══ SUPPLIED ENTRIES ══

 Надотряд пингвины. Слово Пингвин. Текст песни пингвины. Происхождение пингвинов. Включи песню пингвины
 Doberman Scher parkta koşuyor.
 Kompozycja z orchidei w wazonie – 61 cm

═══
══ SUPPLIED ENTRIES ══

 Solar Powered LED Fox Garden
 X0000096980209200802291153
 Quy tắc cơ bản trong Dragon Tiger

═══

- **EXERCISE**
Output the lines of the records above exactly as they appear, from the line containing "Solar Powered LED Fox Garden" through the line containing "Quy tắc cơ bản trong Dragon Tiger".

- **OUTPUT FOR THIS EXERCISE**
 Solar Powered LED Fox Garden
 X0000096980209200802291153
 Quy tắc cơ bản trong Dragon Tiger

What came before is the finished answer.